You are viewing a plain text version of this content. The canonical link for it is here.
Posted to commits@spark.apache.org by do...@apache.org on 2020/04/22 01:18:57 UTC
[spark] branch master updated: [SPARK-31511][SQL] Make
BytesToBytesMap iterators thread-safe
This is an automated email from the ASF dual-hosted git repository.
dongjoon pushed a commit to branch master
in repository https://gitbox.apache.org/repos/asf/spark.git
The following commit(s) were added to refs/heads/master by this push:
new cf60384 [SPARK-31511][SQL] Make BytesToBytesMap iterators thread-safe
cf60384 is described below
commit cf6038499d3d5686ab3377f550c2fe507d022fd3
Author: herman <he...@databricks.com>
AuthorDate: Tue Apr 21 18:17:19 2020 -0700
[SPARK-31511][SQL] Make BytesToBytesMap iterators thread-safe
### What changes were proposed in this pull request?
This PR increases the thread safety of the `BytesToBytesMap`:
- It makes the `iterator()` and `destructiveIterator()` methods used their own `Location` object. This used to be shared, and this was causing issues when the map was being iterated over in two threads by two different iterators.
- Removes the `safeIterator()` function. This is not needed anymore.
- Improves the documentation of a couple of methods w.r.t. thread-safety.
### Why are the changes needed?
It is unexpected an iterator shares the object it is returning with all other iterators.
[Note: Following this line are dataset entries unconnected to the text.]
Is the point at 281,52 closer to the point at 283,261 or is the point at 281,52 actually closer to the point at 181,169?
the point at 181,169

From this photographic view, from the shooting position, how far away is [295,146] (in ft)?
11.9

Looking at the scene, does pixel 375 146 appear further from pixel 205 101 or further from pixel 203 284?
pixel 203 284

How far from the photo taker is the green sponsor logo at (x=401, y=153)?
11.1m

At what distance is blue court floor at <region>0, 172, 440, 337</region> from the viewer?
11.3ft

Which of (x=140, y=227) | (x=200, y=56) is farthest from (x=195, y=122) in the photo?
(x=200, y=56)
This is a violation of the iterator contract, and it causes issues with iterators over a map that are consumed in different threads.
### Does this PR introduce any user-facing change?
No
### How was this patch tested?
Existing tests.
Closes #28286 from hvanhovell/SPARK-31511.
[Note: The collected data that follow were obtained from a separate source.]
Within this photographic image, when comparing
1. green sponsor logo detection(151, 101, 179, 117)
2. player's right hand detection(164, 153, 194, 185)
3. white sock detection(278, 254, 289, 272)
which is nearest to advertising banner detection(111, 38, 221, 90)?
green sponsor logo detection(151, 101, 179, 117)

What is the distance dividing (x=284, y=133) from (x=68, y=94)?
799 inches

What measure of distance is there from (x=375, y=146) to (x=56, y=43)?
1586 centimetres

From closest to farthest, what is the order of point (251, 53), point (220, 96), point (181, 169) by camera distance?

Authored-by: herman <he...@databricks.com>
Signed-off-by: Dongjoon Hyun <do...@apache.org>
---
.../apache/spark/unsafe/map/BytesToBytesMap.java | 23 +++++++++-------------
.../spark/sql/execution/joins/HashedRelation.scala | 2 +-
2 files changed, 10 insertions(+), 15 deletions(-)
diff --git a/core/src/main/java/org/apache/spark/unsafe/map/BytesToBytesMap.java b/core/src/main/java/org/apache/spark/unsafe/map/BytesToBytesMap.java
index 64c240c..6e02888 100644
--- a/core/src/main/java/org/apache/spark/unsafe/map/BytesToBytesMap.java
+++ b/core/src/main/java/org/apache/spark/unsafe/map/BytesToBytesMap.java
@@ -406,17 +406,10 @@ public final class BytesToBytesMap extends MemoryConsumer {
*
* For efficiency, all calls to `next()` will return the same {@link Location} object.
*
- * If any other lookups or operations are performed on this map while iterating over it, including
- * `lookup()`, the behavior of the returned iterator is undefined.
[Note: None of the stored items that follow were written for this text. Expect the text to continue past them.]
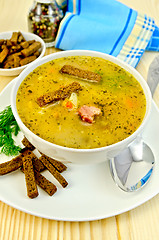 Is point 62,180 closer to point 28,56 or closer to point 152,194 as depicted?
point 152,194

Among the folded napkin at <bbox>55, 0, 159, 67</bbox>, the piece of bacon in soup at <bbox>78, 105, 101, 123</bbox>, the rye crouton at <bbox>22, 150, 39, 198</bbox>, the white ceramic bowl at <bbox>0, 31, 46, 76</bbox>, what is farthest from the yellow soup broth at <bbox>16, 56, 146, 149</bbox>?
the folded napkin at <bbox>55, 0, 159, 67</bbox>

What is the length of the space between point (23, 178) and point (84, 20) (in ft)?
5.57

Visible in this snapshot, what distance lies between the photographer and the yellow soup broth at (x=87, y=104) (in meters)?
1.39

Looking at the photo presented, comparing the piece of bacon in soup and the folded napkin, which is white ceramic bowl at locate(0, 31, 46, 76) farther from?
the piece of bacon in soup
+ * The returned iterator is thread-safe. However if the map is modified while iterating over it,
+ * the behavior of the returned iterator is undefined.
*/
public MapIterator iterator() {
- return new MapIterator(numValues, loc, false);
- }
-
- /**
- * Returns a thread safe iterator that iterates of the entries of this map.
- */
- public MapIterator safeIterator() {
return new MapIterator(numValues, new Location(), false);
}
@@ -427,19 +420,20 @@ public final class BytesToBytesMap extends MemoryConsumer {
*
* For efficiency, all calls to `next()` will return the same {@link Location} object.
*
- * If any other lookups or operations are performed on this map while iterating over it, including
- * `lookup()`, the behavior of the returned iterator is undefined.
+ * The returned iterator is thread-safe. However if the map is modified while iterating over it,
+ * the behavior of the returned iterator is undefined.
*/
public MapIterator destructiveIterator() {
updatePeakMemoryUsed();
- return new MapIterator(numValues, loc, true);
+ return new MapIterator(numValues, new Location(), true);
}
/**
* Looks up a key, and return a {@link Location} handle that can be used to test existence
* and read/write values.
*
- * This function always return the same {@link Location} instance to avoid object allocation.
+ * This function always returns the same {@link Location} instance to avoid object allocation.
+ * This function is not thread-safe.
*/
public Location lookup(Object keyBase, long keyOffset, int keyLength) {
safeLookup(keyBase, keyOffset, keyLength, loc,
@@ -451,7 +445,8 @@ public final class BytesToBytesMap extends MemoryConsumer {
* Looks up a key, and return a {@link Location} handle that can be used to test existence
* and read/write values.
*
- * This function always return the same {@link Location} instance to avoid object allocation.
+ * This function always returns the same {@link Location} instance to avoid object allocation.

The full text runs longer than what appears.